I discovered the first two o-ring seals when I removed the pressure differential switch. Replacements for these seals will need to be included in a rebuild kit.
The internal parts can be removed by first removing the brass tube seats that are pressed into the fluid ports on each end of the body. The seats can be removed by tapping them with the 6-32 threading tap, thread a 6-32 x 1" puller screw into the hole, and remove the seat with a few twists of a wrench. Start by tapping the opening in the seat.
You can create a puller tool using a 6-32 x 1" machine screw, a 6-32 nut, and a flat washer with 1" OD and 1/8" ID. Thread the nut onto the screw. Insert the screw and nut into the hole in the washer.

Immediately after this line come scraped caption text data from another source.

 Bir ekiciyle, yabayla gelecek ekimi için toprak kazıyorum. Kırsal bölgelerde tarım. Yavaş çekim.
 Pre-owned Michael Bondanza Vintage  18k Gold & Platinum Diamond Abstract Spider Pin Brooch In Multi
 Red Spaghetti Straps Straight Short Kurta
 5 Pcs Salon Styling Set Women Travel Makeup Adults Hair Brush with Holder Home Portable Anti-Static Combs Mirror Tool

Thread the screw into the hole you just tapped in the seat.
Turn the nut clockwise with the 5/16" wrench. The seat will be removed cleanly. Muscle Car Research sells a puller tool if you'd rather not source the parts yourself. Though the seats can be reused if they're not damaged during removal, I prefer to include new seats in my rebuild kits.
Repeat the process on the other side of the valve to remove the second tube seat. After removing the seats you'll be able to reach inside the body with your dental pick to remove a pair of springs. Now you can finish removing the internal parts by gently tapping them out of the body with a nail set, screwdriver, or other tool. You'll find a plunger between two brass cups that are sealed with o-rings.
Note the two springs that work to keep the plunger centered when the brake fluid pressure is even between front and rear. These springs are intact and possibly reusable (if a little rusty), but I normally include new stainless steel springs in my rebuild kits for peace of mind. The o-ring seals on each cup will need to be included in a kit.